Giving Back After Cervical Cancer Recovery
Felder says that going through cervical cancer treatment was only half the battle. While her recovery process after surgery was physically challenging, returning to her old life mentally and emotionally was even more difficult. She constantly wrestled with feelings of isolation and anger.
A true change agent at heart, Tamika decided to start a support group in 2005 called Tamika and Friends, which is now Cervivor, Inc. As founder and chief visionary, Felder has created a global community of patient advocates to inspire and empower women impacted by cervical cancer. Cervivor’s mission is to provide education and awareness, to destigmatize the disease, and help find a cure for it.
Felder is currently preparing to celebrate 22 years being cancer-free and thriving, but she still experiences the effects of her diagnosis.
“Overall, I’m doing great. I have to deal with several secondary post-cancer issues; but overall, I’m alive,” she says. And it’s not just about being alive, but your quality of life beyond cancer. “That’s another issue that Black women have to face.

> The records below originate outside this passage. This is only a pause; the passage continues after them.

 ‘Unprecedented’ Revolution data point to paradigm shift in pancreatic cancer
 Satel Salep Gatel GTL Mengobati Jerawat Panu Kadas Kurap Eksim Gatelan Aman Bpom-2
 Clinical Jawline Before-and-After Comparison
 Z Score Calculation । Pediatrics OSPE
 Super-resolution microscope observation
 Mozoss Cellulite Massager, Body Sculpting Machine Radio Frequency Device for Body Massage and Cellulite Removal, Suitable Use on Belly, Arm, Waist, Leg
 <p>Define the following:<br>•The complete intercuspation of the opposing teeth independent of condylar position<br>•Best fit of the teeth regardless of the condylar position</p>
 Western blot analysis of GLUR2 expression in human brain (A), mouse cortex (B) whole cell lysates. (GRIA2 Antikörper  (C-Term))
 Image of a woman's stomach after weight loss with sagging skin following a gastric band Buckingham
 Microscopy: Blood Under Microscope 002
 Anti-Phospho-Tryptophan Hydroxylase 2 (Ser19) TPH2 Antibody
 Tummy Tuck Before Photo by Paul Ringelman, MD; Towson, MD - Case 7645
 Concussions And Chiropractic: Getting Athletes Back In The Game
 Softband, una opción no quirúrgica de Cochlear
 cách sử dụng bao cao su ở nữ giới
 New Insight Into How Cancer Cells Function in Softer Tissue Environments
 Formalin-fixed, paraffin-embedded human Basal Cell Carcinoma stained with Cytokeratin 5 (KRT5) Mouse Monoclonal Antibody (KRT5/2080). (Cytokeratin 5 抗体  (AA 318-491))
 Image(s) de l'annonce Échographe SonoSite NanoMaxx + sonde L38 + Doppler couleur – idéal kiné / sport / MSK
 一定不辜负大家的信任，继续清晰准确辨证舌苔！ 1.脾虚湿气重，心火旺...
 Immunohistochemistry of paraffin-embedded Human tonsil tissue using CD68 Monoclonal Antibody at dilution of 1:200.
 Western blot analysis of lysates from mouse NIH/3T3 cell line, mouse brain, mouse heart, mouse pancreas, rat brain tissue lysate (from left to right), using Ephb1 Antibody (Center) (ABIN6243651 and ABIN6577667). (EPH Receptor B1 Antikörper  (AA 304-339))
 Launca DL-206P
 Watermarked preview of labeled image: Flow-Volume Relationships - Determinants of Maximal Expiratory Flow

Receiving care should also mean a good quality of life post-cancer,” says Felder.
Taking Control of Cervical Cancer
Here are a few suggestions that Tamika has for other Black women diagnosed with cervical cancer:
- Get screened. Early on, cervical cancer won’t cause symptoms. Stay on top of your health and never skip an annual Pap smear or a doctor’s appointment.
- Ask questions and educate yourself about the disease. “If you are not being heard [by your provider], seek a second opinion, if you can. The key is also education and awareness,” says Felder.
- Advocate for yourself. No one will ever be a better advocate for your health and well-being than you. “If you can’t advocate for yourself, find someone who can advocate on your behalf,” says Felder.
- Seek support. “You are not alone. Cervivor is here to support you,” Felder says. You can also check out the National Cervical Cancer Coalition and the American Cancer Society.